AD: Do you think that multidisciplinary practices and collaboration are central to creating work that is accessible?
RMZ: The answer is probably yes. When you start to think about accessibility or about non-normative stories from the beginning of a work, you often end up evolving a new format, and you need to collaborate with experts to do it. There’s no point in making a piece for chronically ill folks without working with chronically ill folks.
Sins Invalid in America have a beautiful disability manifesto, ‘10 Principles of Disability Justice.’ One of the principles is “leadership of those most impacted,” which I really believe in when making work for disabled audiences, or making work that is going to include disabled performers and disabled stories.

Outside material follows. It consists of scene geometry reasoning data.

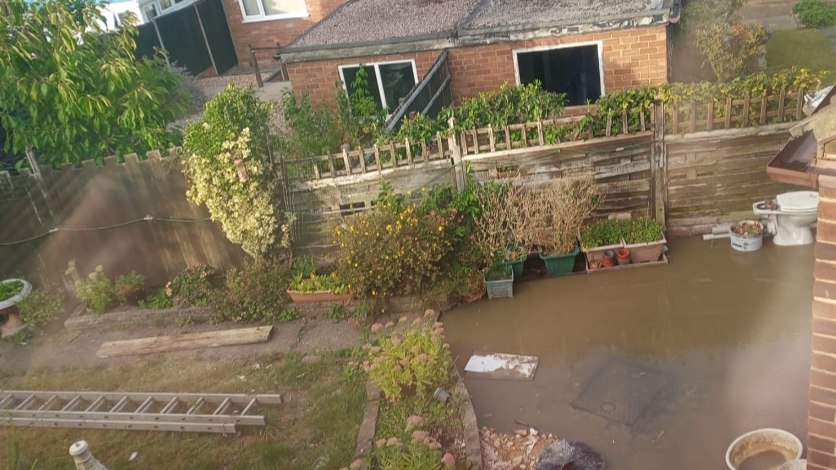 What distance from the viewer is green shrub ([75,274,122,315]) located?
31.1 feet

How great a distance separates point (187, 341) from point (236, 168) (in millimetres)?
2370

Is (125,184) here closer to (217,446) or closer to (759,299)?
(217,446)

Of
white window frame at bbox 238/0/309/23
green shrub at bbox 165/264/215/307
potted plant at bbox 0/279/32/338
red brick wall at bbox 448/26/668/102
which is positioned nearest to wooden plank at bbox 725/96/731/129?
red brick wall at bbox 448/26/668/102

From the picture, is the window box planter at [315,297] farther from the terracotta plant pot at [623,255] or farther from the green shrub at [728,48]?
the green shrub at [728,48]

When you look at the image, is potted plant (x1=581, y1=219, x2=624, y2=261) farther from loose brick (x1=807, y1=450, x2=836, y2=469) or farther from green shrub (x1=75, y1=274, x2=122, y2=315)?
green shrub (x1=75, y1=274, x2=122, y2=315)

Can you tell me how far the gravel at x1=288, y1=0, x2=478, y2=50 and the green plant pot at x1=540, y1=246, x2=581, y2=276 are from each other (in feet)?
15.9

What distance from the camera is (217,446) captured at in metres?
6.72

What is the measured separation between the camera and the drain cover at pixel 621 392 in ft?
20.7

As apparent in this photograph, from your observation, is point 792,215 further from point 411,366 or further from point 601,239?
point 411,366

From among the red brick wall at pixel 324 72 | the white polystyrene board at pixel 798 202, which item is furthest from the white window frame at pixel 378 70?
the white polystyrene board at pixel 798 202

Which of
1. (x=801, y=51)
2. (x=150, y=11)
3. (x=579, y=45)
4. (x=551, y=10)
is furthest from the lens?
(x=150, y=11)

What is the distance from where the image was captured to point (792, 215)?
8016 mm

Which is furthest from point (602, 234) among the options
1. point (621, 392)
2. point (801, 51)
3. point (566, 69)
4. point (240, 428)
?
point (801, 51)

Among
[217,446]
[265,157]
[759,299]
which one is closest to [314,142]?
[265,157] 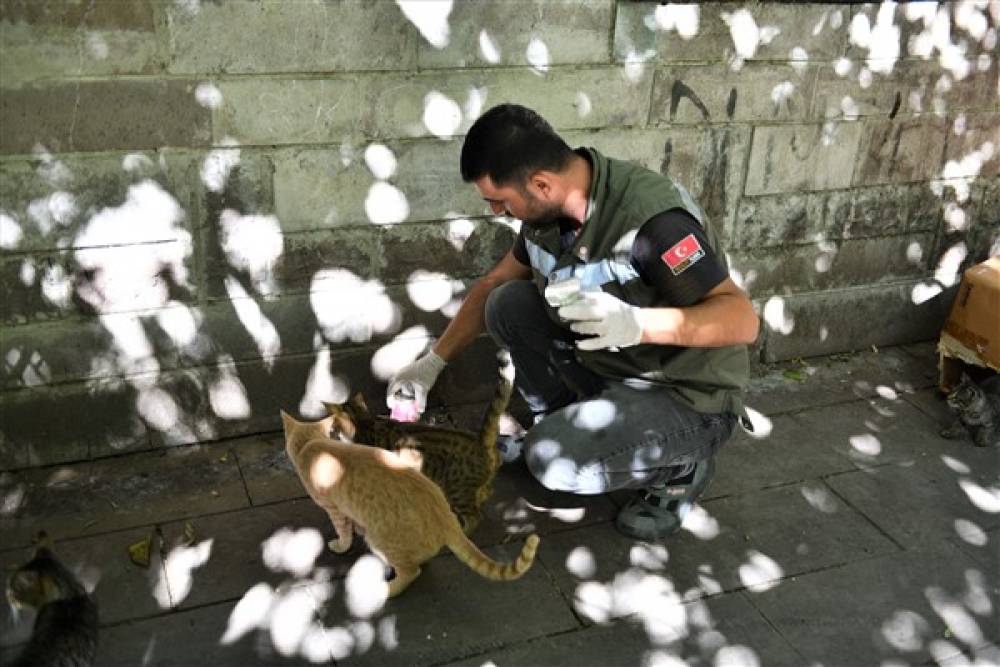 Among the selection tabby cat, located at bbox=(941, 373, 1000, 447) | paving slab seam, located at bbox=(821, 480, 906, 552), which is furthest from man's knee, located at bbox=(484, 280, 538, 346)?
tabby cat, located at bbox=(941, 373, 1000, 447)

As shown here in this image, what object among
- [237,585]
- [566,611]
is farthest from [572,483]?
[237,585]

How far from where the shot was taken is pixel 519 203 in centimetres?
325

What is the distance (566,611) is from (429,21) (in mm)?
2362

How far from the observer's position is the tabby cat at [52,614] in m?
2.46

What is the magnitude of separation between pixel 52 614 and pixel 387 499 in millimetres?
1001

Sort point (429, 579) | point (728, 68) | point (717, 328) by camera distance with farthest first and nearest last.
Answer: point (728, 68) < point (429, 579) < point (717, 328)

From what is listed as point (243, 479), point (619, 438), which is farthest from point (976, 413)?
point (243, 479)

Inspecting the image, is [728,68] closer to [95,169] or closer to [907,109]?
[907,109]

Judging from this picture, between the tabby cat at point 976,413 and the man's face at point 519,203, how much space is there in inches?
94.3

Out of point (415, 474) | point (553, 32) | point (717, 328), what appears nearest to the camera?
point (415, 474)

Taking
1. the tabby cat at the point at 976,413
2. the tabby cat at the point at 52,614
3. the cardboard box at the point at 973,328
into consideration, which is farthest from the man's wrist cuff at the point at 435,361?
the cardboard box at the point at 973,328

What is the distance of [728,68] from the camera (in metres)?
4.40

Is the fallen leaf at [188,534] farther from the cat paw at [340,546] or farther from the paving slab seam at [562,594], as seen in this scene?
the paving slab seam at [562,594]

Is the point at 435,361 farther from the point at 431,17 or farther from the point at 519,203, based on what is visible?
the point at 431,17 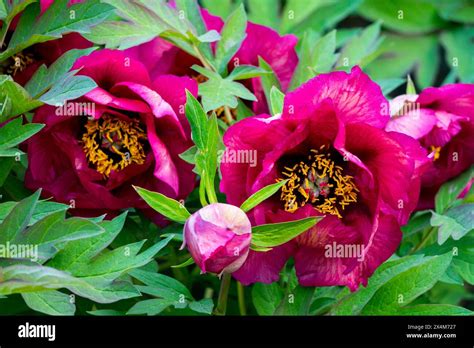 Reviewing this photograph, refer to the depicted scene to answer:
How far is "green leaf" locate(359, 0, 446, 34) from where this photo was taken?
1023 mm

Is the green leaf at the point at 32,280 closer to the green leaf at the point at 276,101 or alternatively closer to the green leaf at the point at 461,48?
the green leaf at the point at 276,101

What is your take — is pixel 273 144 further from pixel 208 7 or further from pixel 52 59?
pixel 208 7

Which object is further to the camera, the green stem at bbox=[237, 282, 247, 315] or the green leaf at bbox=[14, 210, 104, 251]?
the green stem at bbox=[237, 282, 247, 315]

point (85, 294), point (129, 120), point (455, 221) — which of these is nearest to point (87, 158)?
point (129, 120)

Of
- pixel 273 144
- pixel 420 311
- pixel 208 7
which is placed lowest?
pixel 420 311

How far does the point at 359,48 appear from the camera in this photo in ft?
2.30

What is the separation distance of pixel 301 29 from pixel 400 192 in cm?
29

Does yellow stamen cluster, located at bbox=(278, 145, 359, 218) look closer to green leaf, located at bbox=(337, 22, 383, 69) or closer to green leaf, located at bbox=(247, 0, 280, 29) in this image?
green leaf, located at bbox=(337, 22, 383, 69)

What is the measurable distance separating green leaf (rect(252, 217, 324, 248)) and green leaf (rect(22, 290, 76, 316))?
A: 0.36ft

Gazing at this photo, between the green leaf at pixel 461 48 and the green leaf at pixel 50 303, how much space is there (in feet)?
2.01

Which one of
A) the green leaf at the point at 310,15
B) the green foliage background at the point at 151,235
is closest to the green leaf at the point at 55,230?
the green foliage background at the point at 151,235

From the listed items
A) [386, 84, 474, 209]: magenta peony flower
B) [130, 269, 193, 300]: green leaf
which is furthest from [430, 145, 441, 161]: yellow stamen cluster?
[130, 269, 193, 300]: green leaf

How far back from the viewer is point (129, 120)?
58cm

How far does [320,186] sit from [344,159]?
0.08 feet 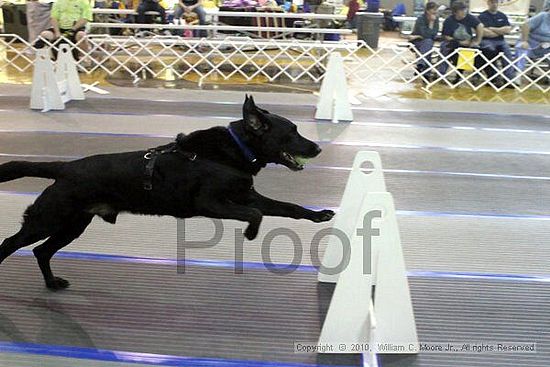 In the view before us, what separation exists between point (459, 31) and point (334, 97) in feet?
13.6

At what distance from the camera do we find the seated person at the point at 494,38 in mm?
9742

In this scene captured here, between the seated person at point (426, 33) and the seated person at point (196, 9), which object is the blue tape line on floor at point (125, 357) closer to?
the seated person at point (426, 33)

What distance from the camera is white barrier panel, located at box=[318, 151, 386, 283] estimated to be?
2926 millimetres

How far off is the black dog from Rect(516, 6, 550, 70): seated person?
8.60 metres

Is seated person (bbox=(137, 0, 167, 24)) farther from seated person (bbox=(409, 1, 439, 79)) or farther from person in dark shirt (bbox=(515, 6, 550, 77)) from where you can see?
person in dark shirt (bbox=(515, 6, 550, 77))

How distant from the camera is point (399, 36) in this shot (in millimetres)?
17250

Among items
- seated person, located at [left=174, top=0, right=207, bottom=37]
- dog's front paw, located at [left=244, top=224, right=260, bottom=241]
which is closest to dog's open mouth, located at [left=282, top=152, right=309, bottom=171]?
dog's front paw, located at [left=244, top=224, right=260, bottom=241]

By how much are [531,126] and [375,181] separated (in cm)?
501

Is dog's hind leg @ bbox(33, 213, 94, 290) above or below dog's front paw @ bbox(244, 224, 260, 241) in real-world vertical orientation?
below

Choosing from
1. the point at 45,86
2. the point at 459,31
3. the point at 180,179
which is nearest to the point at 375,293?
the point at 180,179

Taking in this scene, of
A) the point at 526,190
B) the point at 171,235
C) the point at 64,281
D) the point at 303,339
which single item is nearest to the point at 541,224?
the point at 526,190

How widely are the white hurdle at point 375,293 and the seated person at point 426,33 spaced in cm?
824

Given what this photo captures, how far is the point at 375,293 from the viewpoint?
2404 mm

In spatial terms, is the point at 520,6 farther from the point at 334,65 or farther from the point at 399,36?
the point at 334,65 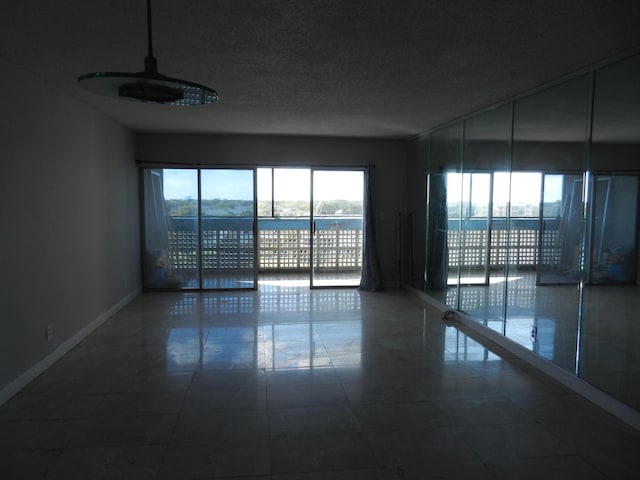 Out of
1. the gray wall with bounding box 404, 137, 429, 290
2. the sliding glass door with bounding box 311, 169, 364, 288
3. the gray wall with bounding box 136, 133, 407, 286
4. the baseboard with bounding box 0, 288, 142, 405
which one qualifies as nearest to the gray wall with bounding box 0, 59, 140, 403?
the baseboard with bounding box 0, 288, 142, 405

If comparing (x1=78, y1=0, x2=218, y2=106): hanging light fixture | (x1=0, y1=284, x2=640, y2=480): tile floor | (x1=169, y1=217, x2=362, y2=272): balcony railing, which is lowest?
(x1=0, y1=284, x2=640, y2=480): tile floor

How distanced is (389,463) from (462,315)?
308 centimetres

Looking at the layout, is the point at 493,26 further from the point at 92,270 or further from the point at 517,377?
the point at 92,270

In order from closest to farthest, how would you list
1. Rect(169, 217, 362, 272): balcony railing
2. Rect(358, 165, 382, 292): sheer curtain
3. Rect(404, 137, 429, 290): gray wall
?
Rect(404, 137, 429, 290): gray wall < Rect(358, 165, 382, 292): sheer curtain < Rect(169, 217, 362, 272): balcony railing

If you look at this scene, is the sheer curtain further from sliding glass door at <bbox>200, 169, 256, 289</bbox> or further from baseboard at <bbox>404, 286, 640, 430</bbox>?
baseboard at <bbox>404, 286, 640, 430</bbox>

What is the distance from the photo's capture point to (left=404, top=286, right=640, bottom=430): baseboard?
272 centimetres

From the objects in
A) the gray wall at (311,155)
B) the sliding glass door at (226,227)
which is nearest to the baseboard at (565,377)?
the gray wall at (311,155)

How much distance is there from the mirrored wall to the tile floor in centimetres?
34

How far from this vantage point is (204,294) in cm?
656

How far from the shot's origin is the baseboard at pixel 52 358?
2998 millimetres

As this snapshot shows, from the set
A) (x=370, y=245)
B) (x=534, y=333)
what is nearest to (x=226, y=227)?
(x=370, y=245)

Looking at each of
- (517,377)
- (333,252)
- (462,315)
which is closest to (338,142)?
(333,252)

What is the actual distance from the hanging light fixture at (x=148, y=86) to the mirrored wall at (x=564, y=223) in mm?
2610

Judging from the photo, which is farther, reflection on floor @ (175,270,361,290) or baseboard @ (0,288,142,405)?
reflection on floor @ (175,270,361,290) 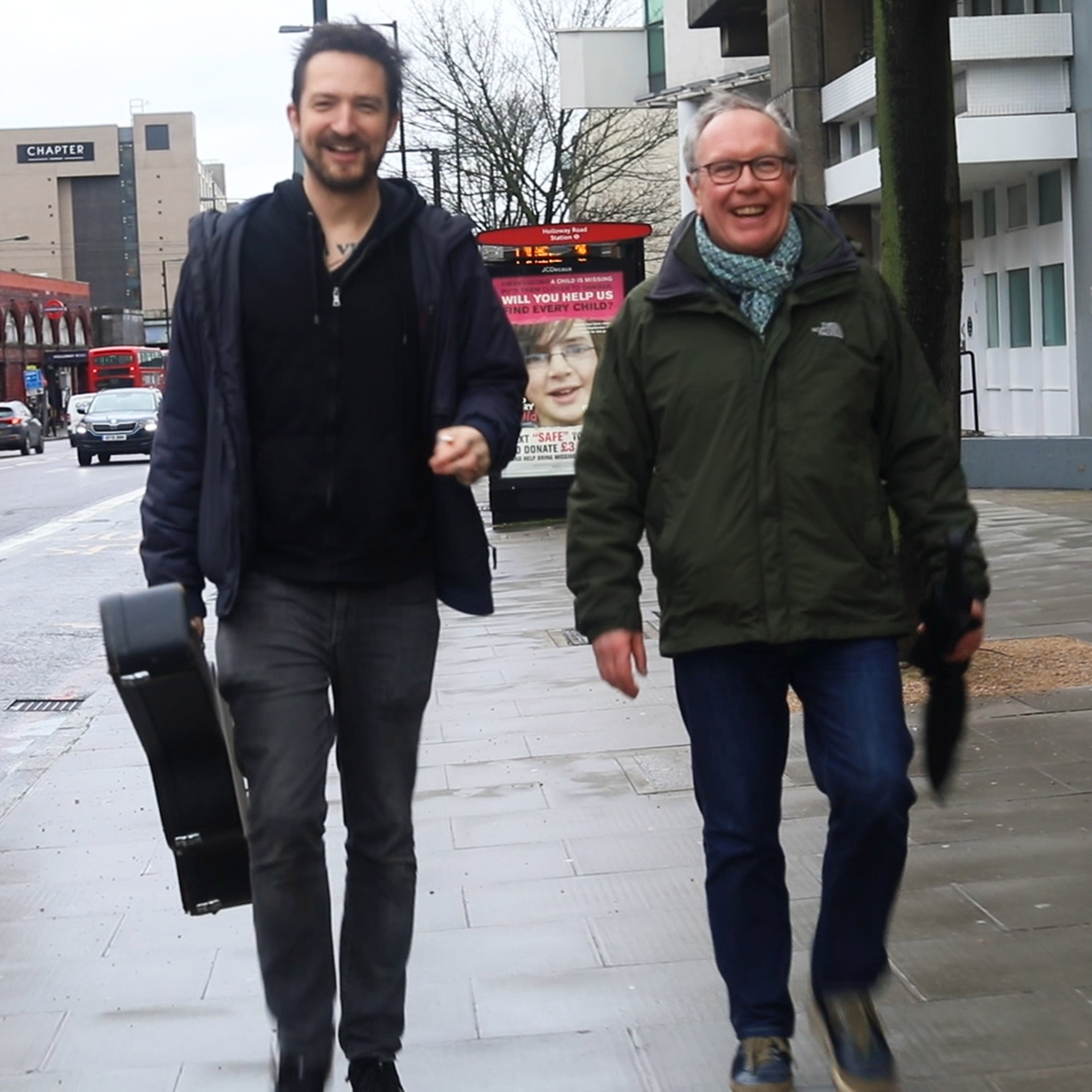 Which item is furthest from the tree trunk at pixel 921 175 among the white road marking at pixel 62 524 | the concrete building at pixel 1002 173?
the concrete building at pixel 1002 173

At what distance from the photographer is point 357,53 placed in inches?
138

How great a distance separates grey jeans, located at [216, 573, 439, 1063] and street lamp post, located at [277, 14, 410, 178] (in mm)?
949

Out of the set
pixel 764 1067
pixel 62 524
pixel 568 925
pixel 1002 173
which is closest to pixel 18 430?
pixel 62 524

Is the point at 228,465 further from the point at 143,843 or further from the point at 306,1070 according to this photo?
the point at 143,843

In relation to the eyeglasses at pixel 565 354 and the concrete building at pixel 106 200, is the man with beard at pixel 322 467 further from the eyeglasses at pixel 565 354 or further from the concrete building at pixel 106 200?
the concrete building at pixel 106 200

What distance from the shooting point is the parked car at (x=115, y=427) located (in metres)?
40.5

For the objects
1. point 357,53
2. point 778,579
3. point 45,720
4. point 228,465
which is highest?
point 357,53

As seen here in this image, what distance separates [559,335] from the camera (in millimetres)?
16922

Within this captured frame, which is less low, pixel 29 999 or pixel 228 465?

In my new project ‘Proper Time’—which is going to be a trio for three chronically ill performers—we’re thinking about how we can meet the audience however our conditions are presenting, which might mean that we’re physically or digitally there, or maybe not at all. In terms of access, we’re trying to think about creative tech to give audiences meaningful ways to interact with the space if they can’t be there, giving them agency to turn lights or sounds on and off, or to trigger a blackout, or to phone in to read some text and deliver a dialogue with an another audience member.
AD: Your work is often architectural, shaping environments and prioritising the ways in which space can support the body. Through what processes do you consider the body in your practice and what role does technology play?
RMZ: I spend a lot of time thinking about how I can be more supported by the space around me. Often, my pain levels feel uncontainable, they feel so big that they don’t even really obey the skin line sometimes. I have all these tricks to keep expanding and often that does mean coming into a different relationship to the space around me. I think a lot about the body as a landscape.
When we did ‘Cloudspotting’ and invited the audience to rest, we stumbled upon something, which is that when you are at rest, you’re more open, receptive and dreamy. We found that the stories landed differently in the body and the audience had this sense of authorship, because it was a predominantly audio work, and they were authoring it themselves. In relation to tech, it made me think of what possibilities it gives to speak to one another’s bodies beyond the skin line. I try to fight against this idea that in-person is better than via technology, because technology makes my life so much more accessible. I think technology can aid those connections in different ways, in ways that being together in person can’t.
AD: In terms of the body as a landscape, you often use horizontality as a way to bring about a different way of communication between participants and the work. Could you expand on the role horizontality plays in your practice?
RMZ: Considering my body as a landscape is thinking about it as an embodied space of wisdom and knowledge, which overlaps with a lot of decolonizing practices at the moment that are honouring and lifting pre-colonial, pre-industrial knowledge. Maybe that is some of what horizontality does.
I also use it to create horizontal events that give people a different way of engaging with art. I worked with Arnolfini [arts centre] to create these long, meditative guided rests that give the audience a chance to engage with a painting in a different way. We did one that was called ‘Rest Improvised,’ and it was part of a weekend that was curated by Gaylene Gould. I worked with Jamie McCarthy, who’s a musician-composer that I work with often, and we guided people through a 50-minute rest. There were these huge, beautiful artworks by Frank Bowling, really massive pieces of colour, light, movement and texture. We had beanbags and yoga mats all over the gallery, and then people chose where they wanted to be. Often they had this quite psychedelic, in-depth experience with the artworks, because we created this structure for them to rest and be with one thing for 50 minutes. We were disrupting the predictable pace that people move around a gallery.
AD: I’m really interested in the way that your work brings these moments about in a shared way, rather than in an individual way, because rest is often atomized and restricted to private spaces, whereas your practice encourages a “misbehaviour” or disruption of expectations surrounding the body in public spaces.
RMZ: I feel like something I discovered with this rest practice is how weird people are about private needs showing up in public spaces. On that thing of misbehaving: it was accidental, but I started resting in public because my world had gotten really small. I triggered the security alert at the Southbank Centre by lying down there, and ‘Cloudspotting’ grew from there. I feel like misbehaving is central to crip practice. Michael Turinsky in ‘Precarious Moves’ describes crip as resistance. For me, crip really is a noun that some of us use. We’re reclaiming that word. It’s also a verb, to crip something, to playfully and naughtily change it so that it suits you more. That misbehaving, naughty aspect of crip is something I really enjoy, and something that the language of disability and impairment doesn’t invite, whereas crip really does.